The personal-injury clock runs from diagnosis, not from exposure. Mesothelioma latency is typically 20 to 50 years, so workers exposed in the 1950s–1980s are being diagnosed today.

Practical first steps

  1. Document what you remember. Pay stubs, W-2s, union cards, photographs, coworker names, and dates of employment. The WorkChain widget on this page can save a copy you can email yourself.
  2. Preserve medical records. Pathology reports, biopsy results, imaging, and pulmonary-function tests are central to both civil claims and trust-fund filings.
  3. Identify household members. Spouses who laundered work clothing and children of plant workers are eligible for secondary-exposure claims when diagnosed with an asbestos-related disease.
  4. Speak with an asbestos attorney with Illinois experience. The first conversation is free and confidential. Asbestos trust-fund claims and civil claims run on different tracks — both can be pursued in parallel.

Asbestos-Related Diseases

Asbestos fiber exposure can cause several specific diseases that typically appear decades after the original exposure. The latency period — the gap between exposure and diagnosis — usually runs 20 to 50 years. That's why workers exposed in the 1960s, 1970s, and 1980s are receiving diagnoses today.

Mesothelioma

A rare, aggressive cancer that affects the lining of the lungs (pleural mesothelioma), abdomen (peritoneal), or heart (pericardial).
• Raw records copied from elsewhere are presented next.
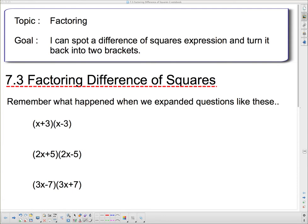Hello. We're going to carry on with factoring today. Our goal: I can spot a difference of squares expression and turn it back into two brackets.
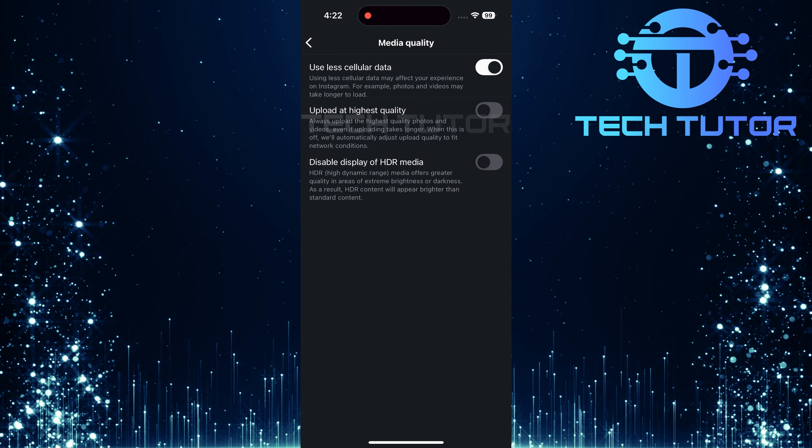Now, scroll down until you find an option called Media Quality. Tap on it. You will see three options here. If you notice that Use Less Cellular Data is enabled, this could be contributing to your lag issues. To resolve this, simply toggle off the switch next to Use Less Cellular Data.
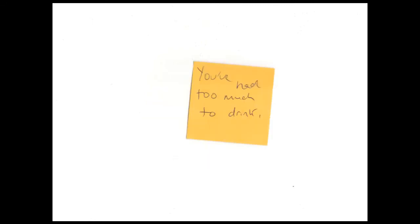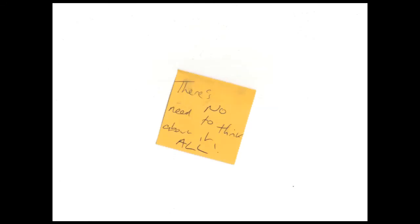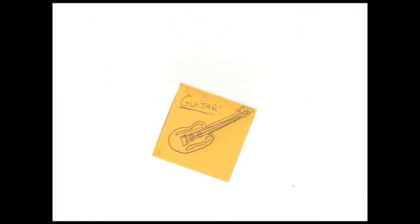You've had too much to dream, there's no need to think about it all, I know.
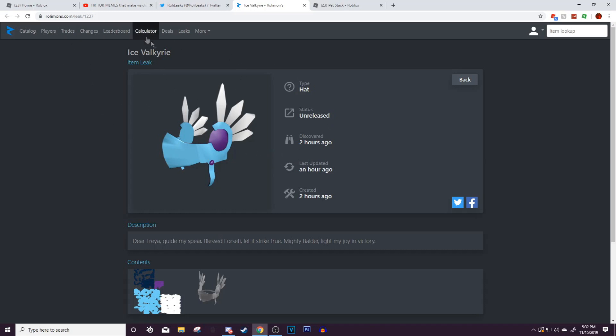That's the Ice Valkyrie. Now like I said, I do think this is going to be a Black Friday sale leak. So that's about it guys, thanks so much for watching. See you guys later, goodbye everybody.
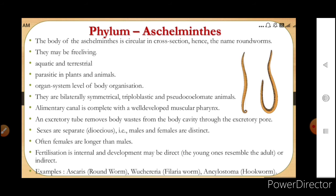Examples are roundworm (Ascaris), Wuchereria, and Ancylostoma.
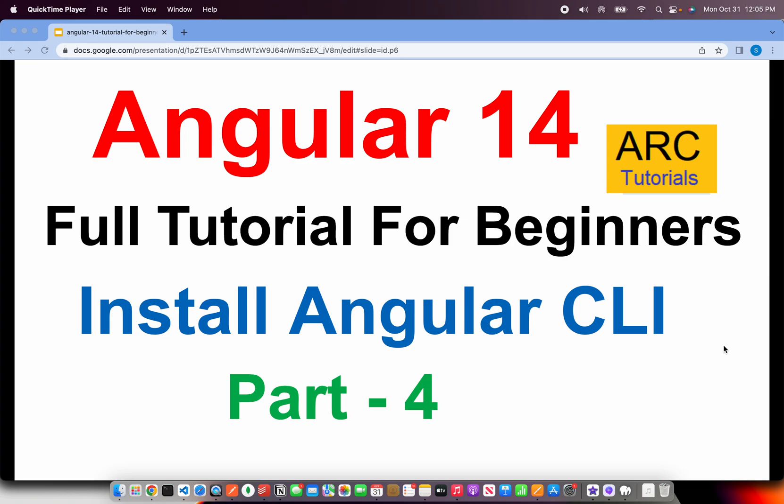Welcome to ARC Tutorials. This is Angular 14 full tutorial series for absolute beginners.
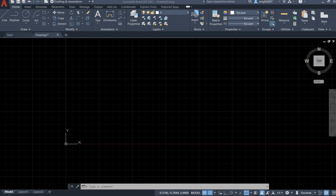What's up, guys? In this video, I want to talk about how to use spline to draw some waves and some patterns. With that being said, let's begin.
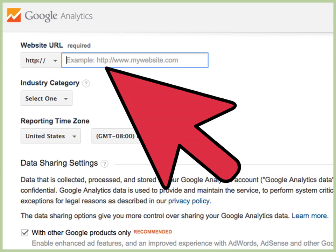Add the blog URL. In the website URL field, type or copy and paste your blog URL. Be sure to include the http:// at the start of the URL.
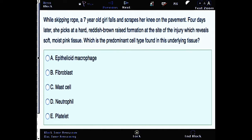This question reads: while skipping rope, a seven-year-old girl falls and scrapes her knee on the pavement. Four days later she picks at a hard reddish-brown raised formation at the site of the injury, which reveals soft moist pink tissue. Which is the predominant cell type found in this underlying tissue? You can pause the video, read the question, answer it, then come back for the correct answer and explanation.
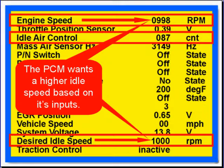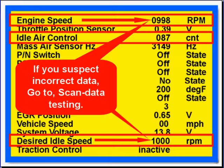The PCM in this case wants higher idle speed based on its inputs. The desired idle is 1,000 — that's too fast. Engine speed is 998, almost there, so the IEC is doing a good job. That means you're going to have to go back and look at the load and the temperature sensors to see which one is giving false information to the PCM and causing the increased idle. If you suspect any incorrect data, go to scan data testing.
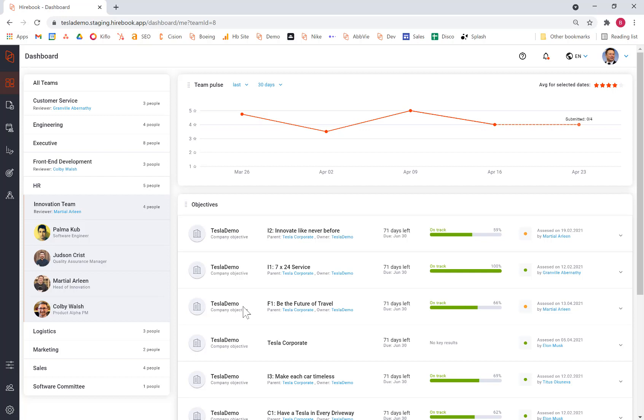Hopefully, this gives you a good overview of Hirebook and we look forward to a more detailed conversation about how this powerful technology can drive performance in your organization.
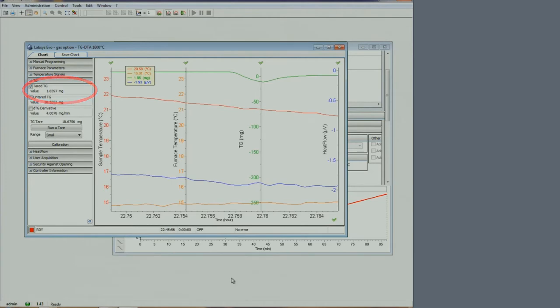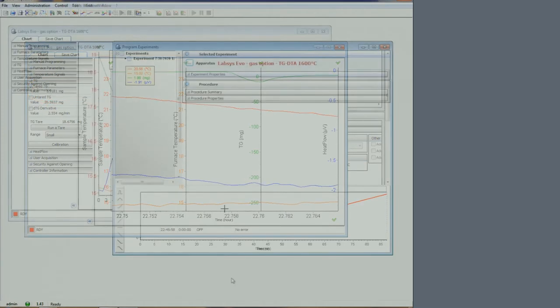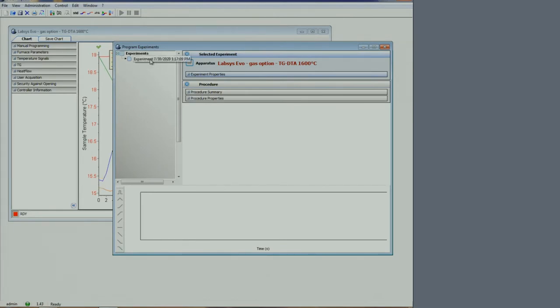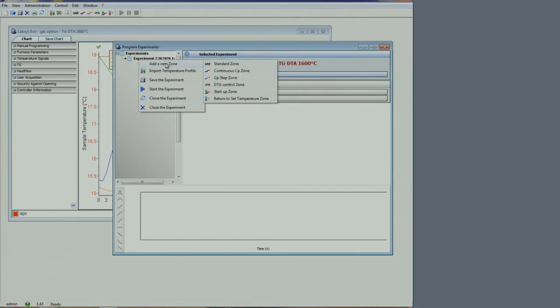We now want to set up a run. To do so, we go to the program experiment window. We see a blank experiment listed. We want to add a new zone. Let's add a standard zone.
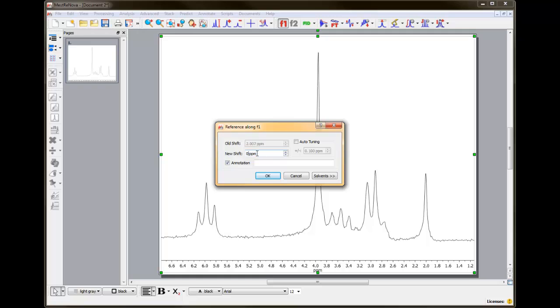Since the peak I selected is TMS, and its chemical shift is defined as 0 parts per million, I'll type 0 and hit OK.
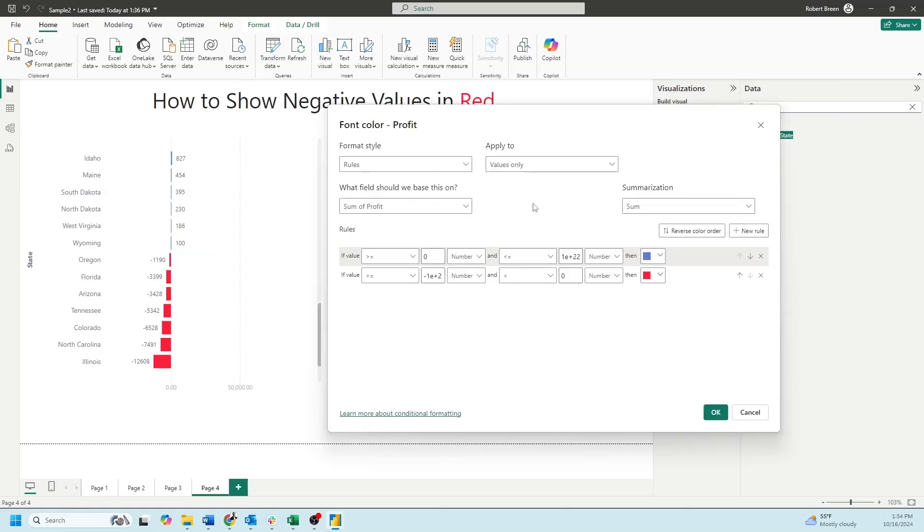I've set two rules here. The first rule says if the value is greater than zero and the value is less than a really big number, I just put one and a bunch of zeros, then color it blue.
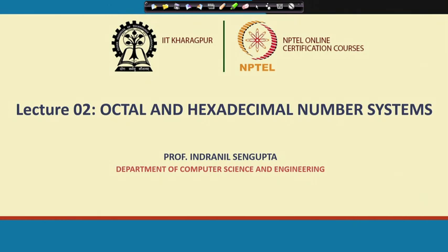Welcome back. In this lecture we shall be mainly talking about something called octal and hexadecimal number systems. But first let us try to understand the motivation — why do we need this?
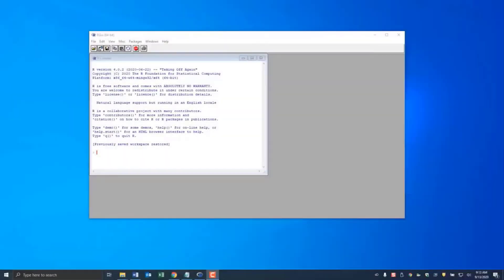Welcome to another video on data analysis made easy in R using Rattle. Today we're going to look at data pre-processing.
Mesothelioma is almost exclusively caused by asbestos exposure, which is why a mesothelioma diagnosis often points directly to historical workplace exposure. Average latency from first exposure to diagnosis is 30-50 years.

Asbestosis

A chronic, non-cancerous scarring of lung tissue caused by inhaled asbestos fibers. Asbestosis causes progressive shortness of breath, persistent cough, and reduced lung function. It does not improve with treatment, and it is a recognized basis for compensation under most trust schedules and civil claims.

Lung Cancer

Asbestos exposure significantly increases the risk of lung cancer, particularly when combined with a history of smoking. Asbestos-related lung cancer is compensable under the same trust schedules and civil claim avenues as mesothelioma.

Other Recognized Diseases

Pleural plaques, pleural thickening, laryngeal cancer, ovarian cancer, and certain gastrointestinal cancers are also recognized as asbestos-related under various trust schedules and case-law authorities, though eligibility and proof requirements vary by claim type.

If you have any of these diagnoses and you worked at this facility, lived with someone who did, or were exposed in any documented capacity, you may have a claim worth pursuing. Speak with an attorney before assuming you don't qualify.

Cross-State & Regional Corridor Workers

Illinois’s two-year statute of limitations for asbestos exposure claims** under 735 ILCS 5/13-202 differs from Illinois law. An asbestos attorney Illinois with multi-state experience understands the interplay between state jurisdictions for workers exposed at an Illinois facility while residing in Missouri, trust claim procedures optimized for Missouri venue filings, forum selection strategies that favor plaintiff outcomes, and how to coordinate claims across state lines without triggering adverse venue rulings.

Data Sources

Information about facility equipment, industrial materials, and occupational records referenced on this page is drawn from publicly available sources where applicable, including:

If specific equipment or product claims in this article are sourced from a non-public database, the source is identified parenthetically within the text above.